In Singapore, a university partnership has developed a robotic system that can paint and wash the exterior of high-rise buildings.
Robotic technology is increasingly being developed to help people avoid dangerous situations. Good examples of innovations doing just that are these drone-mounted lights that follow users, lighting their journey in areas without street lamps. Similarly, is this equipment designed for firefighters which, amongst other things, contains a device designed to improve navigation in smoke-filled buildings through vibrations and thermal imaging. Now, OutBot is a robot that paints high-rise buildings.

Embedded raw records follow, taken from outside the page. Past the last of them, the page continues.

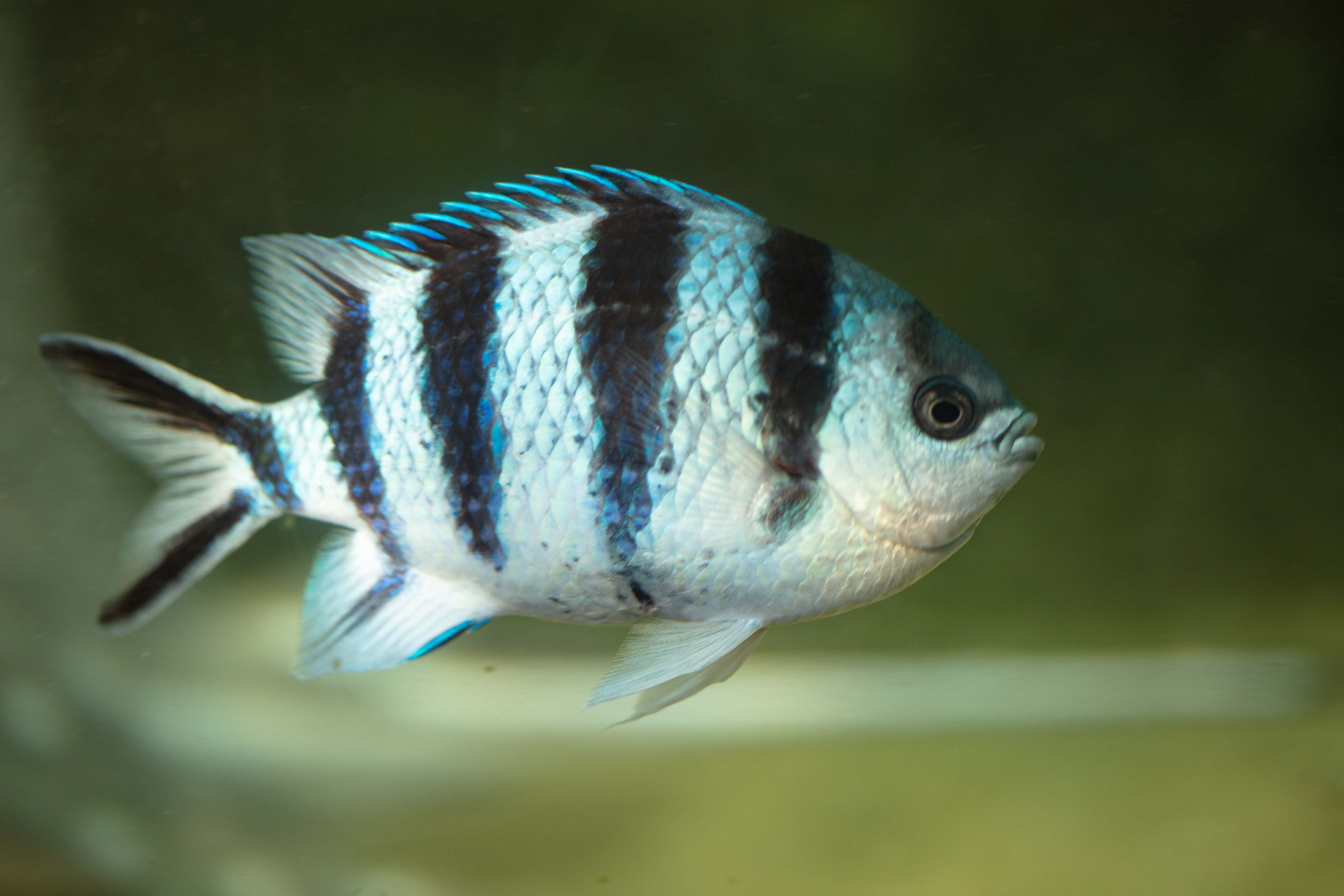 Scissortail Sergeant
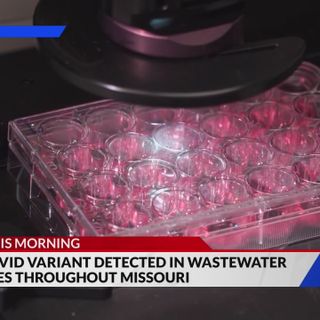 U.K. COVID variant found in 13 wastewater systems across Missouri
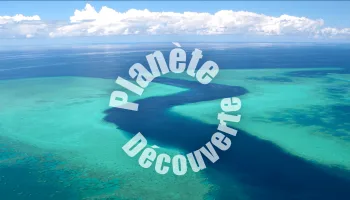 Planète découverte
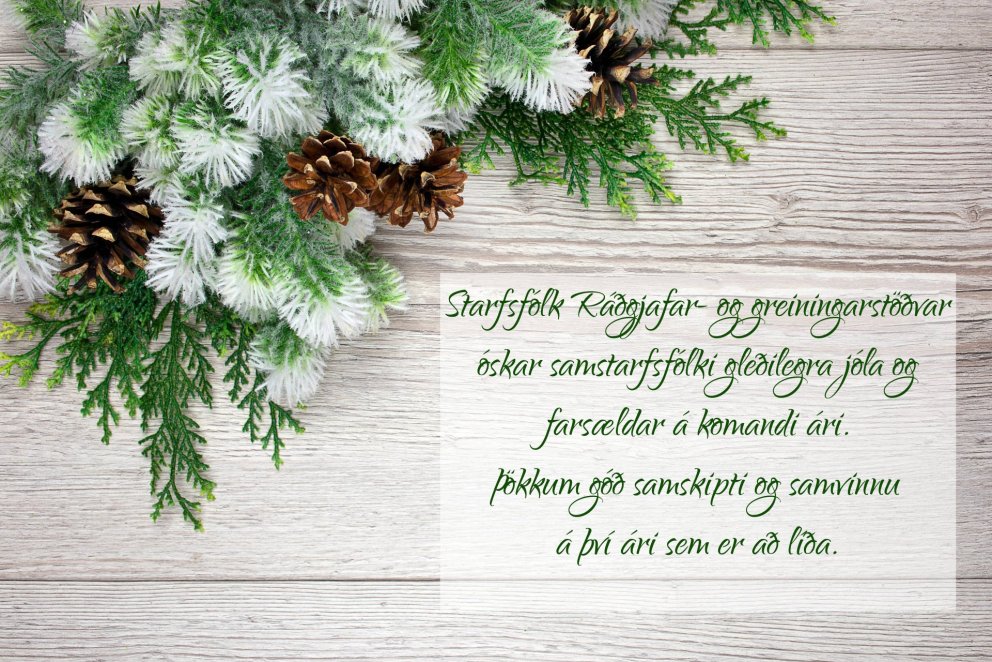 Starfsfólk RGR óskar öllum gleðilegra jóla!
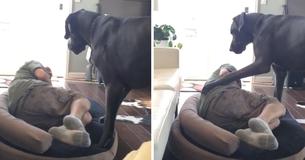 Duitse dog krijgt een driftbui, omdat zijn baasje in zijn bed is gaan liggen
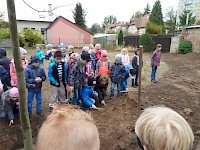 Školní družina Na Ostrově má svůj národní strom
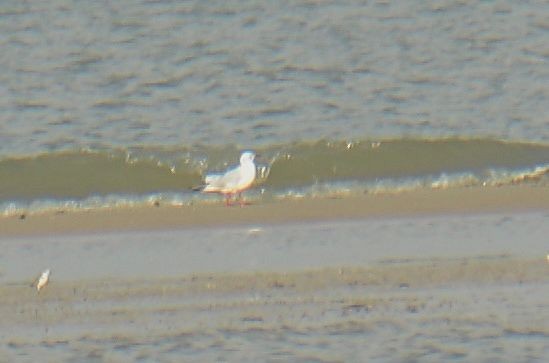 Black-headed Gull - ML645680035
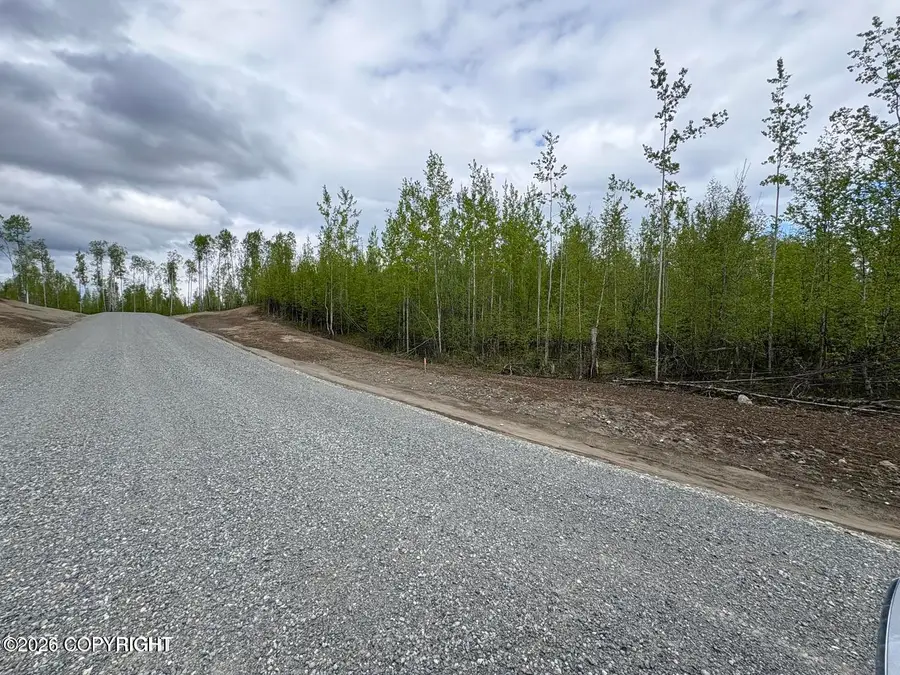 3170 S Lions Circle, Big Lake, AK 99623 - #2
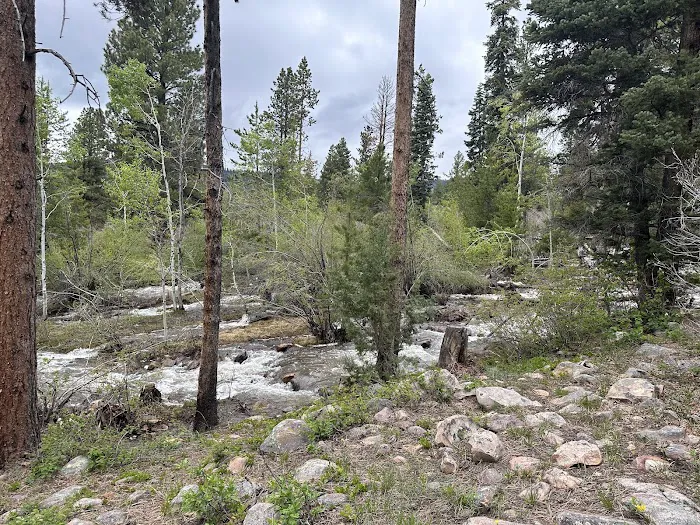 Yellow Pine Campground Picture 5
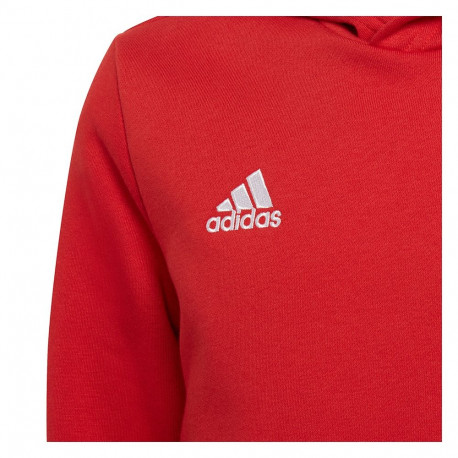 Adidas laste pusa Entrada 22 Hoody H57566 164cm, punane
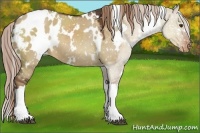Horse Color:White Spotted Liver Red Dun Appaloosa 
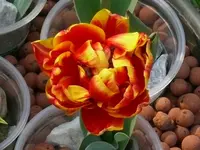 2017Tulpe4.webp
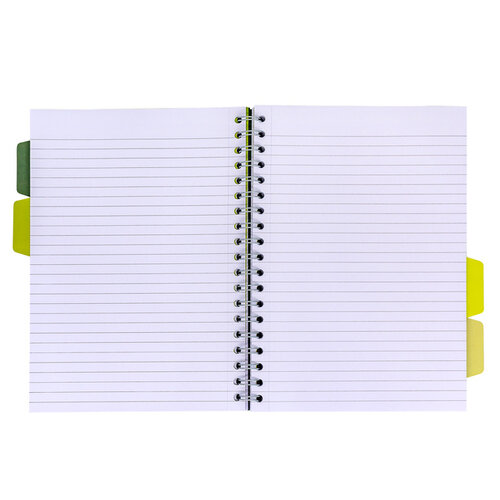 Pukka Pad Carnet de projets Pukka Pad Recycled B5 ligné 4 intercalaires 200 pages 80g vert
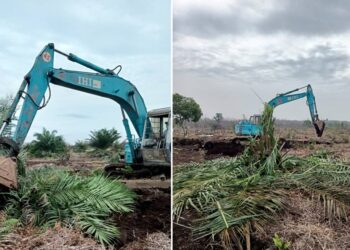 ANGGOTA penguat kuasa memusnahkan beberapa batang pokok kelapa sawit dalam Op Langat di Hutan Simpan Kuala Langat Selatan di Kuala Langat, Selangor.
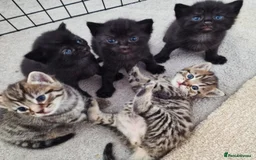 Mixed Breed cats for sale: Beautiful kittens for loving homes from 8th Aug  - Image 1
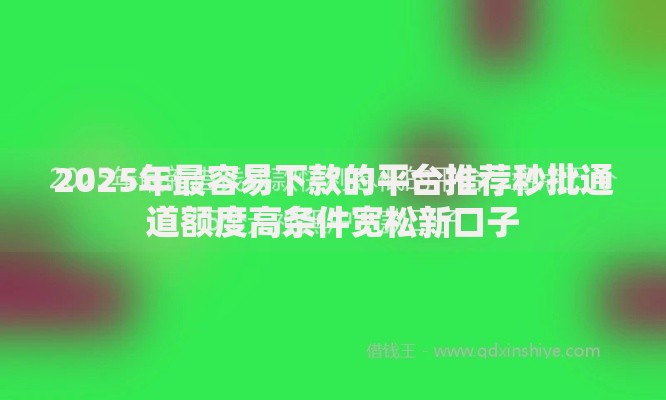 2025年最容易下款的平台推荐秒批通道额度高条件宽松新口子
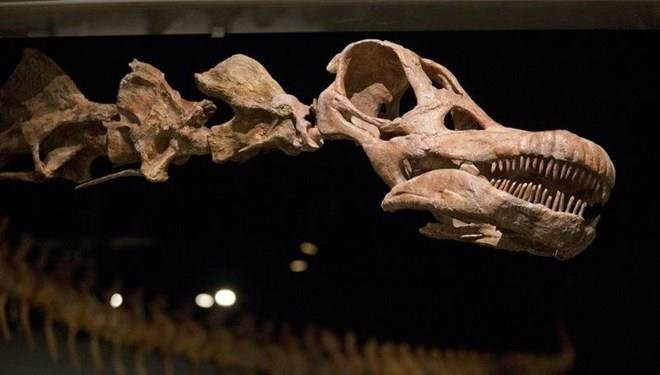 Tam 98 milyon yıllık dünyanın en büyük fosili bulundu - Resim: 4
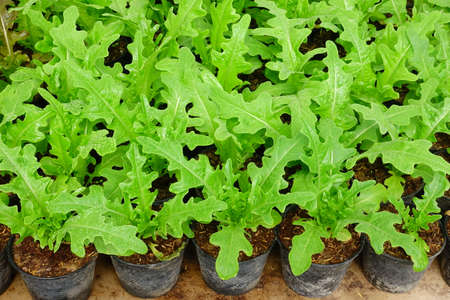 Green fresh Vegetable in organic farm.の写真素材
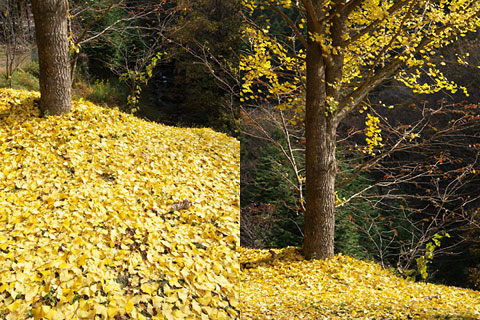 三河湖の紅葉(3)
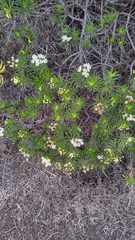 Darwiniothamnus tenuifolius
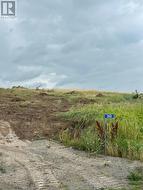 252 CONCESSION ROAD 13 E  Trent Hills, ON K0L 1Y0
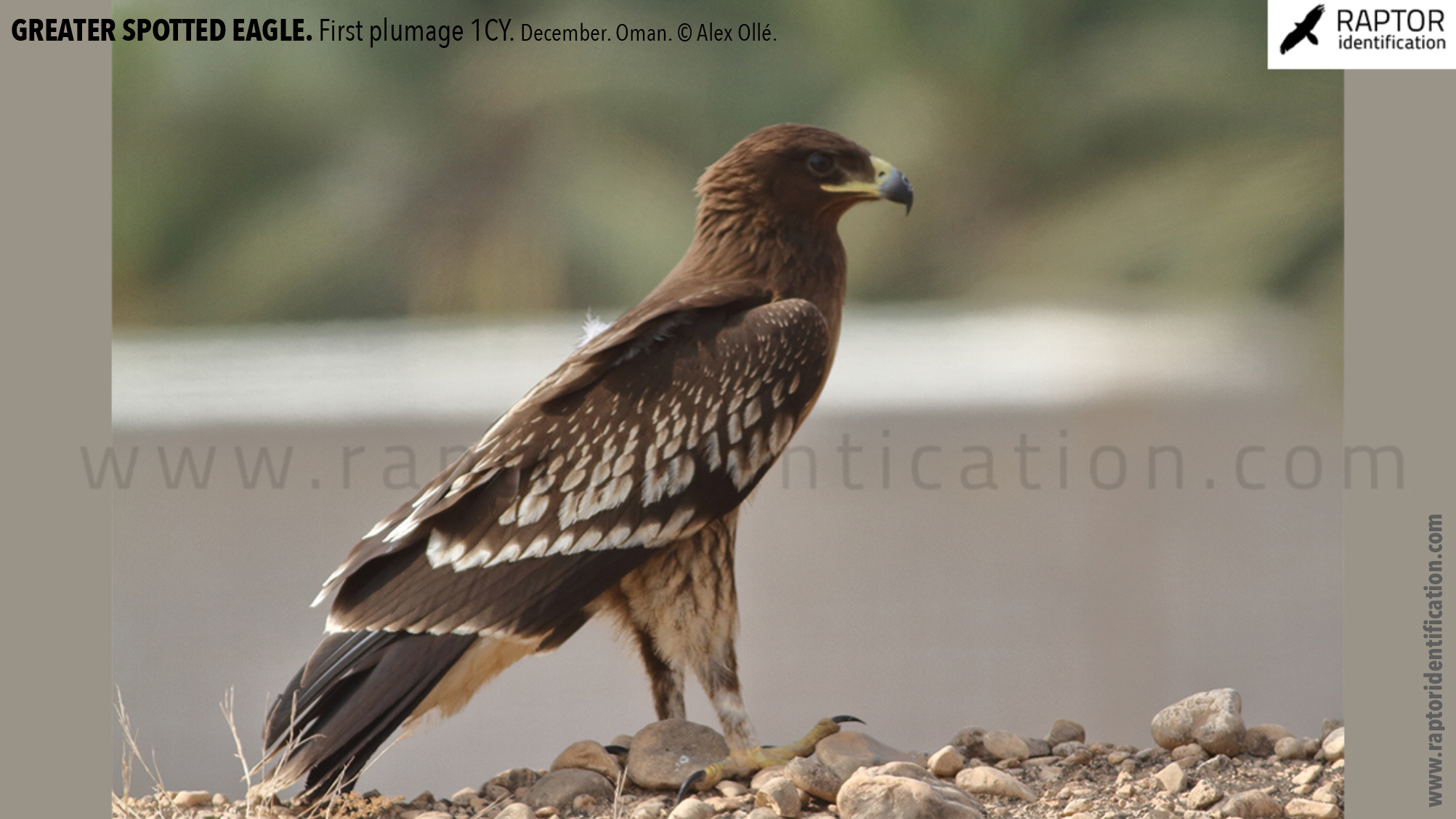 greater-spotted-eagle-identification-juvenile-clanga-clanga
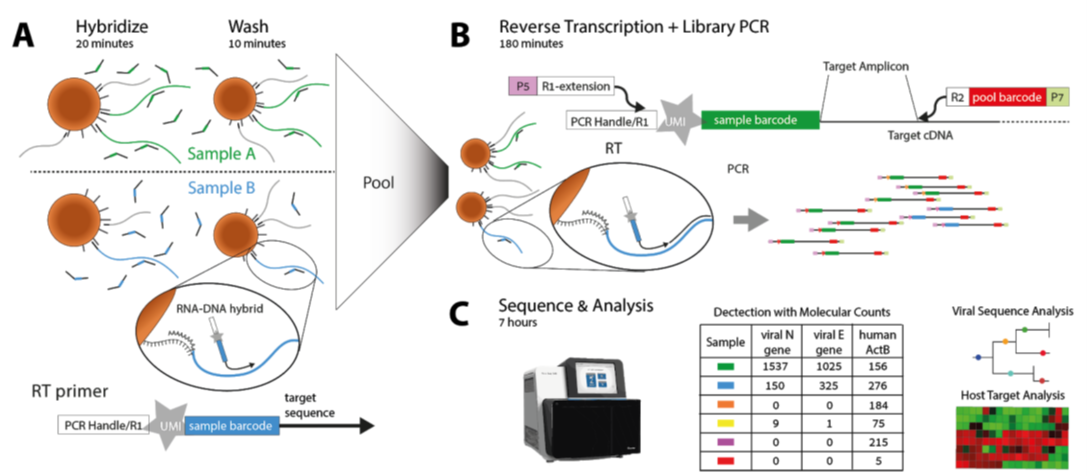 Figure 1 ApharSeq overview.png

OutoBot is a response to Singapore’s Housing & Development Board’s (HDB) recent call for proposals to automate the painting of its high-rise buildings. The innovation increases efficiency and enhances worker safety. Normally, painting a building requires a minimum of five people. This includes one on the ground, one on the roof, and three in the gondola that moves up and down the face of the structure. Contrastingly, OutBot just needs a ground-based operator and a safety officer. Here is how it works: a camera-guided robotic arm mounted on its own special gondola, moves a spray nozzle back and forth across the building’s surface. The nozzle delivers a high-pressure jet of paint, avoiding windows as it goes. The advantages of OutBot are many. It requires fewer people, there is no danger of falling and it doesn’t have to take breaks. It also applies a more consistent coat and uses approximately 20 percent less paint to do so.
Developed as a partnership between ELID Technology International and Nanyang Technological University (NTU), the robot can also be used to clean high-rise buildings. With so many advantages, could this technology be applied more widely in the construction industry?